Choć współczesne samochody elektryczne pozwalają na pokonanie coraz większego dystansu bez „tankowania”, nadal mają liczne ograniczenia. Szczególnie, gdy temperatura na zewnątrz spada poniżej 0 stopni Celsjusza – dobitnie o tym świadczy raport amerykańskiej fundacji AAA.
Ograniczony zasięg aut elektrycznych od lat stoi na drodze do ich upowszechnienia. Pomimo faktu, że w ostatnim czasie technologia akumulatorów ruszyła do przodu, „elektryki” są dalekie od doskonałości, a jazda nimi wymaga wielu wyrzeczeń.
Weźmy np. taką Teslę Model X P100D, której akumulatory mają praktycznie rekordową pojemność aż 100 kWh. Po ich nabiciu komputer pokładowy wyświetla zasięg 560 km.
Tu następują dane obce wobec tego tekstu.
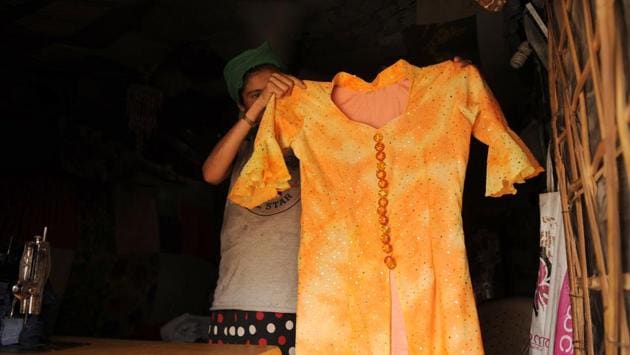 Asma, 30, shows a dress she stitched at Jogipur Ward-7 camp. “Back in Burma, my husband used to operate a boat. We had two boats and lived in a pucca house,” she said of her time in Myanmar. Children in the camp used to go to the nearby Chaudhary Mohd. Yasin Khan Meo Senior secondary school till three months ago but had to drop out after the school turned private. (Parveen Kumar / HT Photo) Asma, 30, shows a dress she stitched at Jogipur Ward-7 camp. “Back in Burma, my husband used to operate a boat. We had two boats and lived in a pucca house,” she said of her time in Myanmar. Children in the camp used to go to the nearby Chaudhary Mohd. Yasin Khan Meo Senior secondary school till three months ago but had to drop out after the school turned private. (Parveen Kumar / HT Photo)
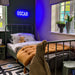 A styled children's bedroom featuring a metal twin bed with white bedding and a mustard yellow tufted comforter. A glowing blue neon sign reading 'OSCAR' is mounted on the dark wall above the bed.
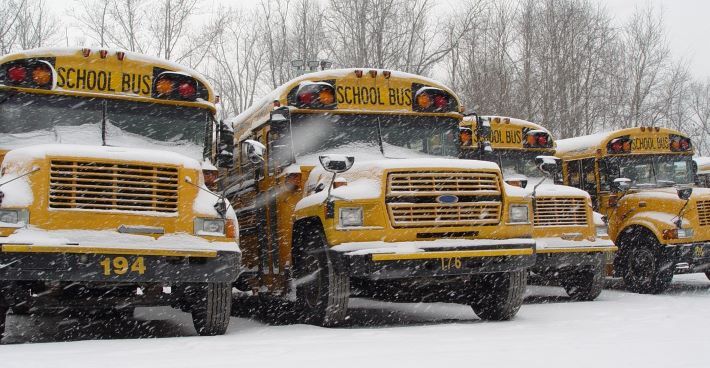 4 parked school buses with snow falling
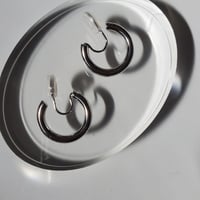 Silver hoop earring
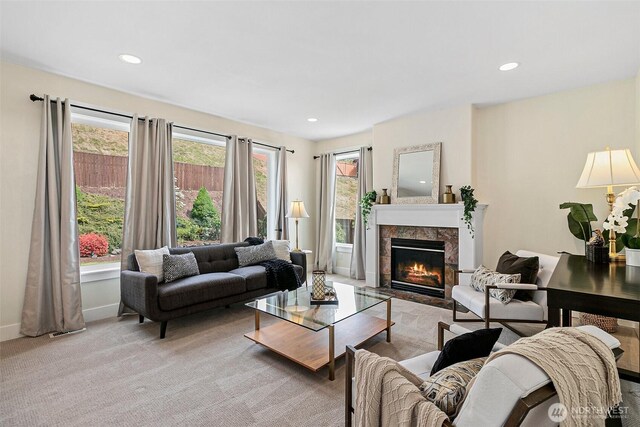 living area featuring a fireplace, light colored carpet, baseboards, and recessed lighting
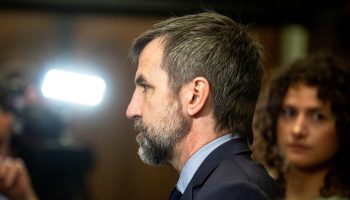 Minister of Canadian Identity and Culture and Minister responsible for Official Languages Steven Guilbeault speaks with reporters before the Liberal cabinet meeting in West Block  on June 10, 2025.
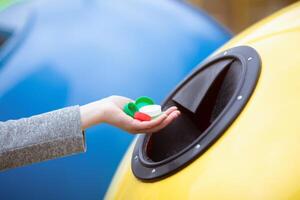 Unrecognizable Woman Throwing Handful Of Colorful Plastic Lids Bottle Caps Into Yellow Recycle Bin, Enjoying Garbage Sorting And Zero Waste Living, Cropped Image With Selective Focus, Free Space photo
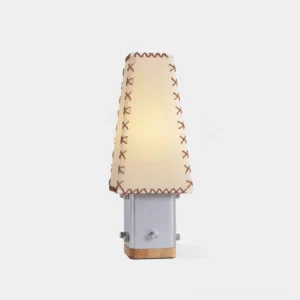 Estela handcrafted table lamp front view showing tapered fabric shade with contrast stitching and geometric metal base with wood accents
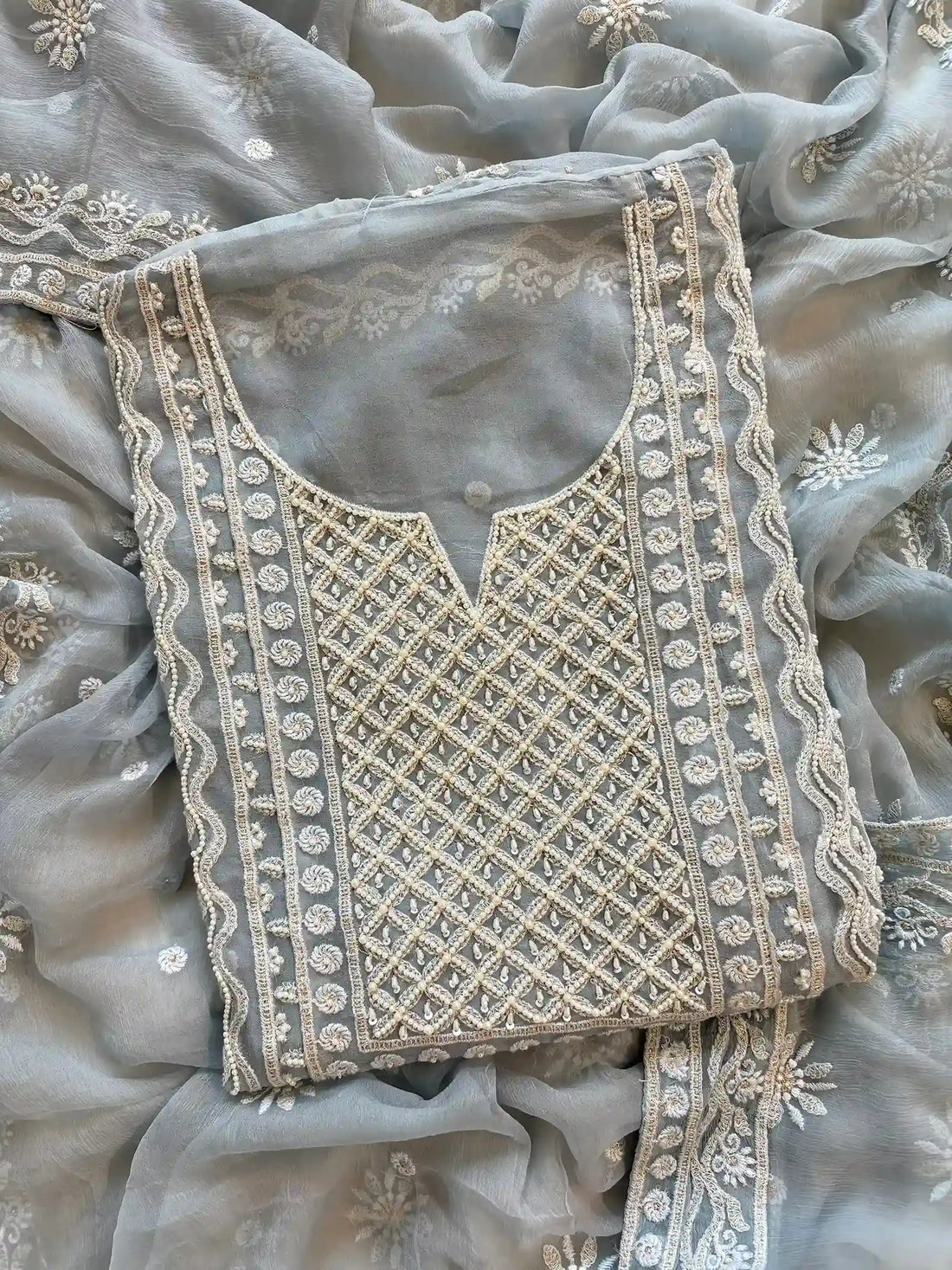 Powder blue georgette suit with moti highlighting and chiffon dupatta – embroidered festive ethnic wear for weddings and formal occasions.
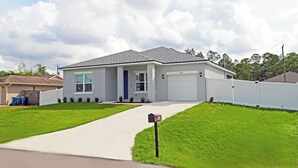 A single-story house with a grey roof, white exterior walls, and a front garage.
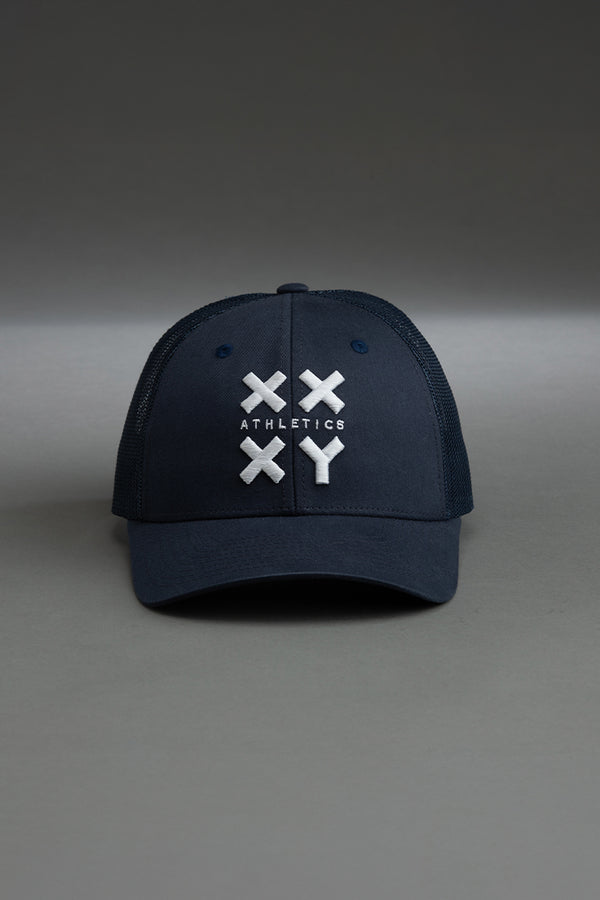 Navy blue cap with white logo on a gray background || navy with white logo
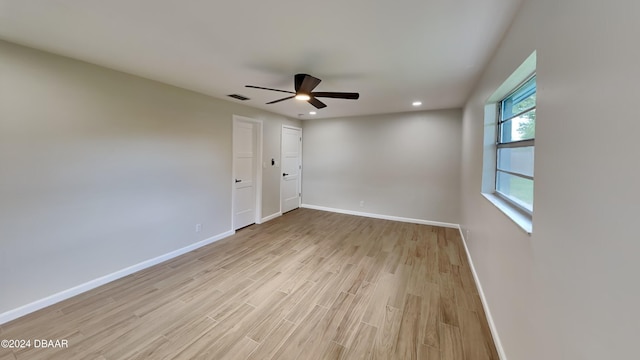 unfurnished room featuring ceiling fan and light wood-type flooring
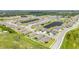 Aerial view showcasing a community with modern homes, well-manicured lawns, and scenic ponds at 2108 Citrus Breeze Dr, Bradenton, FL 34208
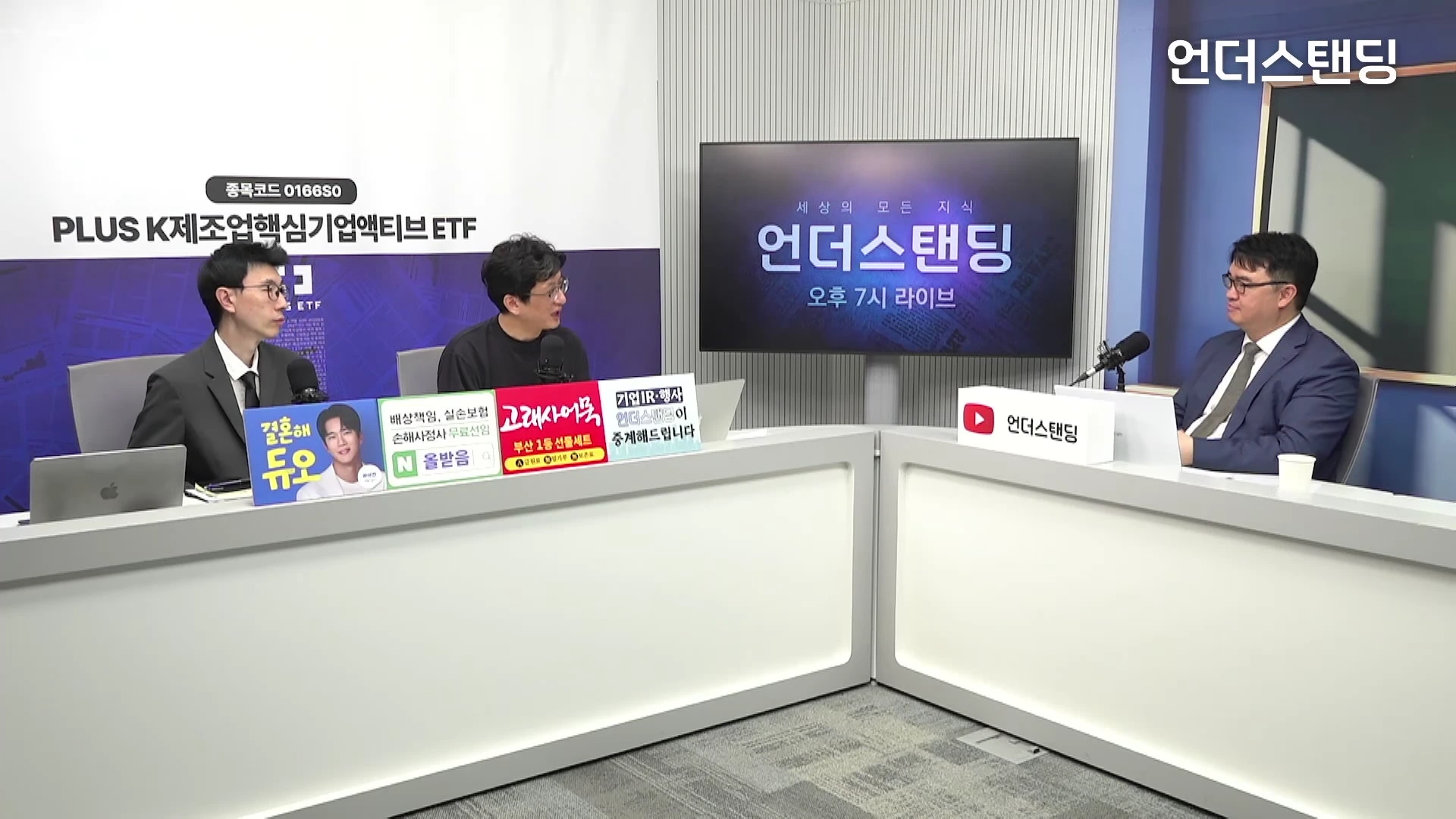 밝은 스튜디오에서 정장을 입은 진행자와 출연진 세 명이 테이블에 앉아 대화를 나누는 모습.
Niestety, chcąc pokonać trasę z Poznania do Warszawy (311 km) z prędkością obowiązującą na autostradzie (140 km/h), już po kilku kilometrach nawigacja wyposażona w funkcję przewidywania pozostałego zasięgu „krzyczy”, aby zwolnić. W rezultacie na trasie do stolicy trzeba utrzymywać prędkość nie wyższą niż 110 km/h. Po dojechaniu do celu w czasie znacznie dłuższym niż przeciętnym autem osobowym przewidywany zasięg to ok. 70 km. I to przy temperaturze otoczenia wynoszącej około 7 stopni Celsjusza.
Jeszcze gorzej akumulatory spisują się w niskich temperaturach. Raport założonej w 1947 r. amerykańskiej fundacji AAA, zajmującej się przede wszystkim bezpieczeństwem ruchu drogowego, nie pozostawia co do tego żadnych złudzeń. Amerykanie wzięli pod lupę 5 samochodów elektrycznych – BMW i3s (akumulatory litowo-jonowe o pojemności 37,9 kWh), Chevroleta Bolta (akumulatory litowo-jonowe o pojemności 60 kWh), Nissana Leafa (akumulatory litowo-jonowe o pojemności 40 kWh), Teslę Model S 75D (akumulatory litowo-jonowe o pojemności 75 kWh) oraz Volkswagena e-Golfa (akumulatory litowo-jonowe o pojemności 35,8 kWh).
Z badań AAA wynika, że temperatura około -7 stopni Celsjusza potrafi ograniczyć zasięg nawet o 41%. Z drugiej strony, gdy słupek rtęci „wspina” się do 35 stopni Celsjusza, zasięg spada zaledwie o 4%. Oznacza to, że właściciele samochodów elektrycznych żyjący w zimnym i gorącym klimacie muszą po prostu liczyć się z częstszym „tankowaniem” swoich aut, co oczywiście powoduje wzrost kosztów.
Przykładowo podróż na dystansie około 1600 km przy temperaturze około -7 stopni Celsjusza kosztuje średnio o 25 dolarów więcej (ok. 95 zł po kursie 1 dolar = ok. 3,8 zł), natomiast przy 35 stopniach Celsjusza – o około 8 dolarów więcej (30,5 zł).
Spośród modeli przebadanych przez AAA najgorsze wyniki uzyskało BMW. Przy ujemnej temperaturze (-7 st. C.) jego zasięg spadł o ponad 50% (z włączonym ogrzewaniem), natomiast przy dodatniej (35 st. C.) – o ponad 20%. Na drugim końcu skali znalazł się z kolei Nissan, w którego przypadku pozostały dystans zmalał, odpowiednio, o nieco ponad 30 i 10% – pełne wyniki znajdują się na poniższym wykresie.
Badanie przeprowadzone przez AAA ewidentnie pokazuje, że pojazdy elektryczne „nie lubią” skrajnych temperatur, dlatego najlepiej będą sprzedawać się zapewne w umiarkowanym klimacie.